The provincial government announced yesterday that a pilot project with photo speed enforcement (PSE) permanent will now become permanent and changes are coming to the way the fees are disrupted.
"We looked at the numbers," explained Joe Hargrave, Minister Responsible for SGI, "and we saw that the numbers were there. Traffic safety and safety on our highways and safety in our communities is extremely important to us. That's what prompted us to make this photo speed enforcement permanent."
Sites of PSE were in Regina, Saskatoon and Moose Jaw and for a time in Martensville for the pilot project.
"But it's not just about those communities, it's about the whole province of Saskatchewan. And the whole province is in need of safety in our school zones. I have six grandkids and I worry about them."
A new traffic safety committee made up of government, SGI, RCMP, municipal police, SUMA, SARM and FSIN will now oversee the allocation of the money raised through the revenue from PSE tickets.
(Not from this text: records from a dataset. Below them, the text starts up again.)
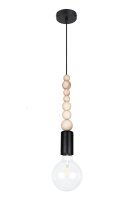 Lampe à suspendre bois métal noir E27...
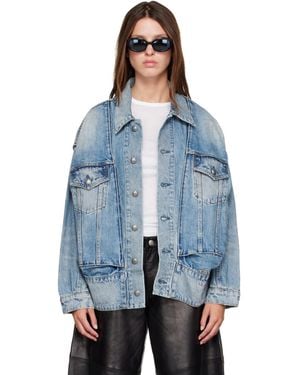 R13 Roxy Moto Denim Jacket - Blue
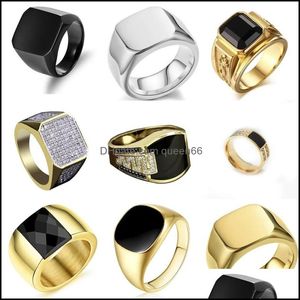 Bandringe Biker Punk Style Collection Gold Breite Siegel Quadrat Finger für Männer Party Hochzeit Schmuck Ganze Verkauf Drop Lieferung Otedr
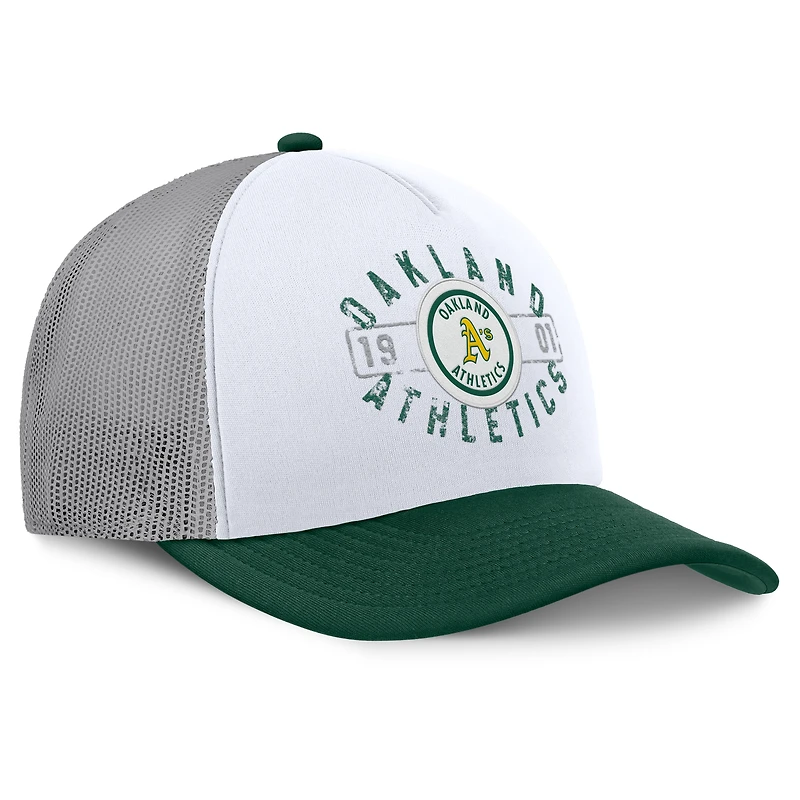 Men's Fanatics White/Green Athletics Designated A-Frame Foam Front Trucker Adjustable Hat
Various communities around the province can apply to pay for safety improvements even if their community does not have PSE.
"They'll look at the locations, they'll look at the history of speed in that area, of collisions in that area and they'll determine in additional cameras are warranted or if they just say we need a traffic calming device, they'll determine that."
According to the press release:
"Effective Jan. 1, 2019, ticket revenue from PSE will be allocated as follows:
"Highway locations – 25% of ticket revenue goes to the General Revenue Fund (GRF); remaining 75% goes to the Provincial Traffic Safety Fund, minus amount needed to recoup program expenses."
"Municipal locations – 25% of ticket revenue goes to the GRF; remaining 75% will be split 50/50 between a Provincial Traffic Safety Fund and the municipality to be invested in traffic safety initiatives, minus amount needed to recoup program expenses."
"Eligible traffic safety initiatives could include traffic calming measures, traffic signal upgrades or pedestrian crossings."